[Stored data]
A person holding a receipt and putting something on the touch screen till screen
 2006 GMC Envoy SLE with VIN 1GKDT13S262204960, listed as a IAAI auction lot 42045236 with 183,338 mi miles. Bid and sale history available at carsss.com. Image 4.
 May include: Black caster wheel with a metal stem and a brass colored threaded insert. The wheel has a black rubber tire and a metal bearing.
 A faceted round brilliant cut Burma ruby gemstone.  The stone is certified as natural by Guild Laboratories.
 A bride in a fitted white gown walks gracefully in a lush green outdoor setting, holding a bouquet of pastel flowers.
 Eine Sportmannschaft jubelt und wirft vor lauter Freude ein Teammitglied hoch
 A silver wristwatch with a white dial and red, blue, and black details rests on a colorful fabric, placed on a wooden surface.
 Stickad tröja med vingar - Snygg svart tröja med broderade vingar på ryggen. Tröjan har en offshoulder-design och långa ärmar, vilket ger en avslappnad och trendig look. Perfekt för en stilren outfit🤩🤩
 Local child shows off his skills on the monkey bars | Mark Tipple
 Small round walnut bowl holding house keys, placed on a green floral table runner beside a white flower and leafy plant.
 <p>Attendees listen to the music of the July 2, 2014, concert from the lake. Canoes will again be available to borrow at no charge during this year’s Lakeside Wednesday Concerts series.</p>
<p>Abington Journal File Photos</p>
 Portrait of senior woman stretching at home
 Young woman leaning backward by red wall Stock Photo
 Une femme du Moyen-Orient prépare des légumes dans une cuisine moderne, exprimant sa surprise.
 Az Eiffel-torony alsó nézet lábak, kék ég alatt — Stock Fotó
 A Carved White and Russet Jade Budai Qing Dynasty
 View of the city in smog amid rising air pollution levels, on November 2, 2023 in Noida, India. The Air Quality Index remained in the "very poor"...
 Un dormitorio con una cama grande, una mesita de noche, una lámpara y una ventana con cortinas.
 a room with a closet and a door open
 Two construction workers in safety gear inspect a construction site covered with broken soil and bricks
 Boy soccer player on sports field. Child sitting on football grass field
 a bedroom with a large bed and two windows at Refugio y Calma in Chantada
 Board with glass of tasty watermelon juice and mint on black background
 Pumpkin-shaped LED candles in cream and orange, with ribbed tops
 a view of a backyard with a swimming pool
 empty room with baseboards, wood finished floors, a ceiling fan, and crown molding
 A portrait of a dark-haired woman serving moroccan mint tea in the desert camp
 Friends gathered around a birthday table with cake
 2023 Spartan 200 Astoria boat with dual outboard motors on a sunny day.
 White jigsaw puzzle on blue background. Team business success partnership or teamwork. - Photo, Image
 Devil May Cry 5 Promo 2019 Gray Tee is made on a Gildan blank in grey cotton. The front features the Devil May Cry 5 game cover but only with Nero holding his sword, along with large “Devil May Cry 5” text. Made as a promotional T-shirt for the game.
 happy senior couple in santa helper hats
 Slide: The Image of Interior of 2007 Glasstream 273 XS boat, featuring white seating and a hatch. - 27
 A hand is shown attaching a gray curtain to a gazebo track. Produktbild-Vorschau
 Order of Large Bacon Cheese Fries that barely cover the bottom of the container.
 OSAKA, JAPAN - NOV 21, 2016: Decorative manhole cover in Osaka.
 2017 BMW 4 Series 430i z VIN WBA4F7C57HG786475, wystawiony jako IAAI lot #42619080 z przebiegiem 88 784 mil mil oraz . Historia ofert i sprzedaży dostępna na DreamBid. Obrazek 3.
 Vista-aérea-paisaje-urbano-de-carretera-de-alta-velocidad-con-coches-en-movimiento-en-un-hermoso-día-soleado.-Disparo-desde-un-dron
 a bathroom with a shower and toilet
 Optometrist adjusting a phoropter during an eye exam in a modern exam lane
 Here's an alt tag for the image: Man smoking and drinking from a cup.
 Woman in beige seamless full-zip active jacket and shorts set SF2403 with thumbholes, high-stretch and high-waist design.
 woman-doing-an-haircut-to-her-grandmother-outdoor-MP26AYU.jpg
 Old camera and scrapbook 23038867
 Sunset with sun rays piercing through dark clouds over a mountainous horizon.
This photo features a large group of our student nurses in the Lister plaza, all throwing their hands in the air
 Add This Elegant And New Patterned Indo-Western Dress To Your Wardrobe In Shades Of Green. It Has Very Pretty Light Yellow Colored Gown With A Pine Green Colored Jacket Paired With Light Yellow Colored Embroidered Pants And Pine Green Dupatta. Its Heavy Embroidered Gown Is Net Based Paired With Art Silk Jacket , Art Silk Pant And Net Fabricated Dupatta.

[Your goal] The answer should consist of every line above in which "boat" appears.

[Solution]
 2023 Spartan 200 Astoria boat with dual outboard motors on a sunny day.
 Slide: The Image of Interior of 2007 Glasstream 273 XS boat, featuring white seating and a hatch. - 27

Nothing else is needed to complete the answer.